Friday, January 9, 2009

Mr. Insurance Man

Last night I spent an hour with an insurance agent who tried to win over my business. He was a nice guy, but I'm not sure he's going to get our business. I learned a few interesting things while talking to him.

First off, I spent a fair amount of time explaining about our difficulty in obtaining house insurance, about the discrepancy between the purchase price and the replacement price of the house, about our desire for full replacement value, about it being listed on the State and National Historic Register, about the high cost of our current insurance and about the strange perks the current policy offers. He seemed puzzled that his agency would have denied coverage on the house originally as the full replacement requirement, knob and tube wiring and the historic registries would not have been sufficient to disqualify the house for a policy.

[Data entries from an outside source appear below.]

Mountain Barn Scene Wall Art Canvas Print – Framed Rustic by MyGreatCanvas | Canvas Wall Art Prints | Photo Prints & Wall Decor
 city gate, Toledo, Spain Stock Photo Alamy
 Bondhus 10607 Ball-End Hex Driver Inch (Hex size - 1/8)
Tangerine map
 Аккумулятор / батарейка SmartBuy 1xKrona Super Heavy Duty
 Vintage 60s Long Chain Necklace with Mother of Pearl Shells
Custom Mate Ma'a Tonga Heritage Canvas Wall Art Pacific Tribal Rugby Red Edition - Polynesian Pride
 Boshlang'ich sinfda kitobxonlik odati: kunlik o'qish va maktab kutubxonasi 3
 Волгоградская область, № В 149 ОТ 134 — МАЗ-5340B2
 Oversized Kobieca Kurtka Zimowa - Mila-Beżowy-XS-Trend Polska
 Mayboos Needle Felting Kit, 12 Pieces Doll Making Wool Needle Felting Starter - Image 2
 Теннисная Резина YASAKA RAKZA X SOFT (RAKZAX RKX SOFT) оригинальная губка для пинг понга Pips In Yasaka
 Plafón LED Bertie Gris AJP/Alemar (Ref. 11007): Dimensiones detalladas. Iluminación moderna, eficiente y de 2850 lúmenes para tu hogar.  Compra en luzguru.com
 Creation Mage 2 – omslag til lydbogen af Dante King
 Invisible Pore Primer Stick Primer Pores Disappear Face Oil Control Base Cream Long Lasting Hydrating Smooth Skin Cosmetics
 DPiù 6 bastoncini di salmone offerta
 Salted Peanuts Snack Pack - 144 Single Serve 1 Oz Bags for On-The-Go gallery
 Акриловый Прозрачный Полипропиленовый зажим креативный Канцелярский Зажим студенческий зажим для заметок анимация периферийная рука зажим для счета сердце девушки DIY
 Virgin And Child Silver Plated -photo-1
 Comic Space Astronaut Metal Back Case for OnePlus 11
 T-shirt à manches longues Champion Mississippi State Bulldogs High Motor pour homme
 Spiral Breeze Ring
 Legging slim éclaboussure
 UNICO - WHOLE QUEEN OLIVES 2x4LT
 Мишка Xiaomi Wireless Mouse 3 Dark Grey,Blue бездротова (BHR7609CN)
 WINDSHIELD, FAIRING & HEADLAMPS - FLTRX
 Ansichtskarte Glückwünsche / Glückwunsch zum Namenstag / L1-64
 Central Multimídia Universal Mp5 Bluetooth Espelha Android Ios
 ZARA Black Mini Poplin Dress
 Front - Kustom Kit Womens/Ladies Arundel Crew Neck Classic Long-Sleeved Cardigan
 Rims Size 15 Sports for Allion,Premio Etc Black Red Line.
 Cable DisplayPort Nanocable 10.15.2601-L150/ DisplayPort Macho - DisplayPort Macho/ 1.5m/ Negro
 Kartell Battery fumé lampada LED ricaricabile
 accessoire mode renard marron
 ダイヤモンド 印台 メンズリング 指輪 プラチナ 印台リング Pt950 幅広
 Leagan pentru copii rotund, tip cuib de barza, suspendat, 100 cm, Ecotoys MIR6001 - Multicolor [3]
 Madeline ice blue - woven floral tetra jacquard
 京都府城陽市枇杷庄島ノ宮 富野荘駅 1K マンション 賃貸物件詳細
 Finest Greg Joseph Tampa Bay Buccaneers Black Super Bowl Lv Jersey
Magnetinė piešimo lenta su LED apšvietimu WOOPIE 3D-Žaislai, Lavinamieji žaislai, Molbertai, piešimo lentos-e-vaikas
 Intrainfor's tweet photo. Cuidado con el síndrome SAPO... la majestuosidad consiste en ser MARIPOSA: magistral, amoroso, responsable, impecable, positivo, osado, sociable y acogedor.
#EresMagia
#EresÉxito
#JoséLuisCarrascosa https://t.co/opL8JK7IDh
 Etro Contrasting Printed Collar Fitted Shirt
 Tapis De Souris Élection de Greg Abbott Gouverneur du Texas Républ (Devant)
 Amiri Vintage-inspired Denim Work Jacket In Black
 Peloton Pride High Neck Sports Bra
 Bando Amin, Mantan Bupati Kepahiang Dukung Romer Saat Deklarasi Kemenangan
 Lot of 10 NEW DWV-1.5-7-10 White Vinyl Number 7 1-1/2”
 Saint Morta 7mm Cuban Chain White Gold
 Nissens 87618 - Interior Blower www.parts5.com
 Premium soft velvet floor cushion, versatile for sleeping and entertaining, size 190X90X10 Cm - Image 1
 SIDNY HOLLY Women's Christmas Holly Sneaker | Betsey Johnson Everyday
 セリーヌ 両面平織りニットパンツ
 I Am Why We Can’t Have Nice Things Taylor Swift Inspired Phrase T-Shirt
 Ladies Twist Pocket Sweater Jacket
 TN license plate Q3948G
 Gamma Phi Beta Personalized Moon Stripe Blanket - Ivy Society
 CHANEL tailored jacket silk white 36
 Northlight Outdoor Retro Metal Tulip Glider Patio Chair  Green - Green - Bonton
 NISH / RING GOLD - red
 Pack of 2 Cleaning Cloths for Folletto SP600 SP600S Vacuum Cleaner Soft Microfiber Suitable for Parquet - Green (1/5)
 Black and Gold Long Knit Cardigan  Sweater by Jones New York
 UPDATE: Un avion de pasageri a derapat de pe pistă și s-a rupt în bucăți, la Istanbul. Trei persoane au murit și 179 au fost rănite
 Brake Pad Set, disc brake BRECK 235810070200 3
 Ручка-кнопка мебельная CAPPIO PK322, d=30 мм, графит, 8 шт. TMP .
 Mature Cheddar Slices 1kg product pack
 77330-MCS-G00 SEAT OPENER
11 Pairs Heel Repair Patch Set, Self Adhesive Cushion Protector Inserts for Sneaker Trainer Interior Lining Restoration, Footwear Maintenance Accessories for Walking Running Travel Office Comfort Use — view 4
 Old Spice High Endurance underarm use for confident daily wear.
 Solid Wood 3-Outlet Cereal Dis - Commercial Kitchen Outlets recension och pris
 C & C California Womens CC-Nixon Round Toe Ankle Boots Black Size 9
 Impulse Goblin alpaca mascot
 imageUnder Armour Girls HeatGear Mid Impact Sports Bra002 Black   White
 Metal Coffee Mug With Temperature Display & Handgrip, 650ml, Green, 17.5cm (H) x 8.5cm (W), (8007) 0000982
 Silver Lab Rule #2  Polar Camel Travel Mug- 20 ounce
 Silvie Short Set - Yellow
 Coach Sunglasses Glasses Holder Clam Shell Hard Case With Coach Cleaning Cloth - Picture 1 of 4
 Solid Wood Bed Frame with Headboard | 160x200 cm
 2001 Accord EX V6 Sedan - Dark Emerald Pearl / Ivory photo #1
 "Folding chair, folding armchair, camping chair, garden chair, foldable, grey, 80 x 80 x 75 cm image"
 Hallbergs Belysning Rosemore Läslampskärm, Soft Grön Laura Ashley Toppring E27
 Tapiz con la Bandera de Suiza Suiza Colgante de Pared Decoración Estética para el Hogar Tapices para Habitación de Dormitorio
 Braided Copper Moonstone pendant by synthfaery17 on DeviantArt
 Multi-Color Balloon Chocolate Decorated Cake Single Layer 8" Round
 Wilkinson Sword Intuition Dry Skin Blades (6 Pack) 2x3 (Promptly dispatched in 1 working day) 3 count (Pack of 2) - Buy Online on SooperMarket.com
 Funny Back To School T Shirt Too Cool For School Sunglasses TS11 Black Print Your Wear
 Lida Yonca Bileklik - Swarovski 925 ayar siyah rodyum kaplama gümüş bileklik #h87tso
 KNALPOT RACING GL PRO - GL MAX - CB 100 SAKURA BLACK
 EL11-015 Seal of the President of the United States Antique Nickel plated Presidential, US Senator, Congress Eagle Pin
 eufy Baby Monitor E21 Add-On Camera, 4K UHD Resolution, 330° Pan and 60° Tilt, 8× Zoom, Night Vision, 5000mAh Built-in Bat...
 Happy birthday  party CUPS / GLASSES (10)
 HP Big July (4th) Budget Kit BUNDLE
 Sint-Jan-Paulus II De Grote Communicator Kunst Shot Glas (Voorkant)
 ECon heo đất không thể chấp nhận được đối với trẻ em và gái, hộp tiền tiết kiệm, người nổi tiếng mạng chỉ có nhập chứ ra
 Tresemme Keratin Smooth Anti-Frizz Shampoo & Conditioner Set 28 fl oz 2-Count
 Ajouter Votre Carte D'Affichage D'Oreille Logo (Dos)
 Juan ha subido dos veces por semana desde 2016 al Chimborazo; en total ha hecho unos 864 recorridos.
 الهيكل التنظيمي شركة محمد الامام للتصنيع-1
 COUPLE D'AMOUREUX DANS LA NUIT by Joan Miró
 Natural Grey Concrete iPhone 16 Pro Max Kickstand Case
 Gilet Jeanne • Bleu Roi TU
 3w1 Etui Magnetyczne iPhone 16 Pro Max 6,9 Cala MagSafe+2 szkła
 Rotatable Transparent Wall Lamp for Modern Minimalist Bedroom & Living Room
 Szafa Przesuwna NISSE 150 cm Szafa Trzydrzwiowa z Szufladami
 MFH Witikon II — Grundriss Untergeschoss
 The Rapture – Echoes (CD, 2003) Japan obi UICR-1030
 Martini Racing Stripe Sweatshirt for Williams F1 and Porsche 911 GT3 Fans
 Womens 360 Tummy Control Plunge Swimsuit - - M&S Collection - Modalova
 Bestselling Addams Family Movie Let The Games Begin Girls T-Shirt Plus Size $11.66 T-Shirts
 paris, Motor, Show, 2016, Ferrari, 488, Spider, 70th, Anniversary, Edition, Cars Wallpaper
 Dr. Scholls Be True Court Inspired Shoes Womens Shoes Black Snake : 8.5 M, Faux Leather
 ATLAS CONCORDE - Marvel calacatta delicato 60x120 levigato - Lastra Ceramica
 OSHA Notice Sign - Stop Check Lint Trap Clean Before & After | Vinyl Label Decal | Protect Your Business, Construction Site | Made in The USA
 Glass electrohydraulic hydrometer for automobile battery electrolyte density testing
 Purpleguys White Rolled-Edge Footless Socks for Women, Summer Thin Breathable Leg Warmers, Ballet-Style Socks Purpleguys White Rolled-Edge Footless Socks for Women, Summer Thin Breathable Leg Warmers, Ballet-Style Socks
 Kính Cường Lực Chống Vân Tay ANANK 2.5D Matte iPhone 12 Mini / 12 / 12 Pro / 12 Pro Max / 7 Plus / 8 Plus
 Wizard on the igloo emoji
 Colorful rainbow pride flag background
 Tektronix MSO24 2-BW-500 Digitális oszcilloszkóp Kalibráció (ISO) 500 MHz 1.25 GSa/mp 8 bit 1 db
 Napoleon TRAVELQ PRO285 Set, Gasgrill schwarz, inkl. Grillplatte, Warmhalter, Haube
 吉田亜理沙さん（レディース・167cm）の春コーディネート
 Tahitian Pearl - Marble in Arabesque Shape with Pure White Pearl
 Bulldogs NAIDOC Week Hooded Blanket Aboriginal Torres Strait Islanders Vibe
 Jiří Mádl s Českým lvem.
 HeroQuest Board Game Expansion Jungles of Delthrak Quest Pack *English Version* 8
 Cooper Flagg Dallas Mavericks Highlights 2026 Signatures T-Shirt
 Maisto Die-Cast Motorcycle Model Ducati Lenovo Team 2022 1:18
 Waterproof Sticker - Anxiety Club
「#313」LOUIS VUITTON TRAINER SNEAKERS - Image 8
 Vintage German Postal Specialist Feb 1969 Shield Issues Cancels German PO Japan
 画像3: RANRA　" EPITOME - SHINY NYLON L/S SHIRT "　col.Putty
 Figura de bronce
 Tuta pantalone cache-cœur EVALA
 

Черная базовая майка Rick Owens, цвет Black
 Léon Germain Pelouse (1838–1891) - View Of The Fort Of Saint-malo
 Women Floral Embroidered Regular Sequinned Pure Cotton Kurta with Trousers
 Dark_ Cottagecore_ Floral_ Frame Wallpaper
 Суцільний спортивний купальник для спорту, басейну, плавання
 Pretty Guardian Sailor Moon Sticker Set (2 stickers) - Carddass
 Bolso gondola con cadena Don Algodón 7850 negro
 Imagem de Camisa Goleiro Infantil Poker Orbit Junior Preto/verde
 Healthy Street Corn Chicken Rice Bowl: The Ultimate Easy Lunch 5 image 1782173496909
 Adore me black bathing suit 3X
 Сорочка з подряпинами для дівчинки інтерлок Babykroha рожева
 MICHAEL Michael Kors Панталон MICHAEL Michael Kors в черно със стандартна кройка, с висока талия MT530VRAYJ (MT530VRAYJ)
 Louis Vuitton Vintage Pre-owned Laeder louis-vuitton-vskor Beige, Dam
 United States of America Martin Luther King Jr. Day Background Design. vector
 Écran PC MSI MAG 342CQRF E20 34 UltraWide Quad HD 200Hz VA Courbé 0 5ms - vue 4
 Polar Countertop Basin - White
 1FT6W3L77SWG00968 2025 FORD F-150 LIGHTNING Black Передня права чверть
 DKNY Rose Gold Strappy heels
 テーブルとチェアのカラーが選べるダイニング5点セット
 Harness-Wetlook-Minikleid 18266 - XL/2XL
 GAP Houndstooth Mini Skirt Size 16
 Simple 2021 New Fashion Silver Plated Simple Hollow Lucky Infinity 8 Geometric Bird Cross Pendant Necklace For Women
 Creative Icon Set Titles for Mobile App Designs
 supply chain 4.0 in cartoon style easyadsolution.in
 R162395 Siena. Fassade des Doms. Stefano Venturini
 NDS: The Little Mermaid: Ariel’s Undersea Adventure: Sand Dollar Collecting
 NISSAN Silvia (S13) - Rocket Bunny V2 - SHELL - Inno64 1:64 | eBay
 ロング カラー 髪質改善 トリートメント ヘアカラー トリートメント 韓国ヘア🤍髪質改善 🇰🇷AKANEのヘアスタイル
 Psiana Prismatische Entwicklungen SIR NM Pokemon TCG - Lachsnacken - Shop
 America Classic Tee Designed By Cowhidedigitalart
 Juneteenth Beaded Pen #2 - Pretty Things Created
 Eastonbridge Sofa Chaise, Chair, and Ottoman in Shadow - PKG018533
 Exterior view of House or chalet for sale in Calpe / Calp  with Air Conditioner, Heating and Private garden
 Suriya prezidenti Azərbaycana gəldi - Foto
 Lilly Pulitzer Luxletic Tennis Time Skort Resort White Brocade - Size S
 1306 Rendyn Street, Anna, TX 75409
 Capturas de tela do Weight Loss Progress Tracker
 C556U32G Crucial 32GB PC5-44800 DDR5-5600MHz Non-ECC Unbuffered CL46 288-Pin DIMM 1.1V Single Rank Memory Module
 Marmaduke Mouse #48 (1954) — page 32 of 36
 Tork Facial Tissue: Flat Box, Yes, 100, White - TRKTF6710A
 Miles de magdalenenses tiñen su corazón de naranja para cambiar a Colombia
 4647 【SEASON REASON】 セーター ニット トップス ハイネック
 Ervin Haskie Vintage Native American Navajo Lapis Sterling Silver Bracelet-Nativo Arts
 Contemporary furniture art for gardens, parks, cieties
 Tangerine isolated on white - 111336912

But then I started discussing the asbestos slate shingles we replaced. It seems those shingles were the sticking point. Asbestos siding or asbestos shingles are an automatic disqualification for writing a homeowner's policy. when I asked why, his response was that while they could estimate the cost of removal, remediation and disposal today, his insurance company considered it too large of a risk to try and estimate what future costs for these actions might be.

Second, he started listing all of the discounts for the quote, including a discount for no claims. And then he said, "Did you know there was a water damage claim in 2004?" No, I didn't know that. So then I asked if claims filed on a house were publicly accessible data. He didn't know. Still, I wish that I had known this when we were buying houses. I would have asked my agent about every house on our short list. It's just one more tool to help prospective house buyers.

The most frightening part of the night though came when we pulled up car insurance details. I had given him my address, full name, date of birth and driver's license number, all necessary for a car insurance quote. He happened to have a second computer screen showing what he was entering, and suddenly up popped a screen with my Social Security Number. I asked about that and he said, "Sometimes we can match a social security number based on the person's name and birthday."

Wow.

Speechless.

This is a private company. Where the heck else is my social security number?

2 comments:

Ms. Huis Herself said...

Ok, wow, you didn't tell me that about the SS# last night. Dang.

The Dude said...

What's even more fun is when the Big Three credit reporting companies decide to do some linking of their own, and they decide that since the names are close, and you lived in the same country, you now have the credit rating of a gerbil. The same thing happens with SSN... Who needs a national ID card??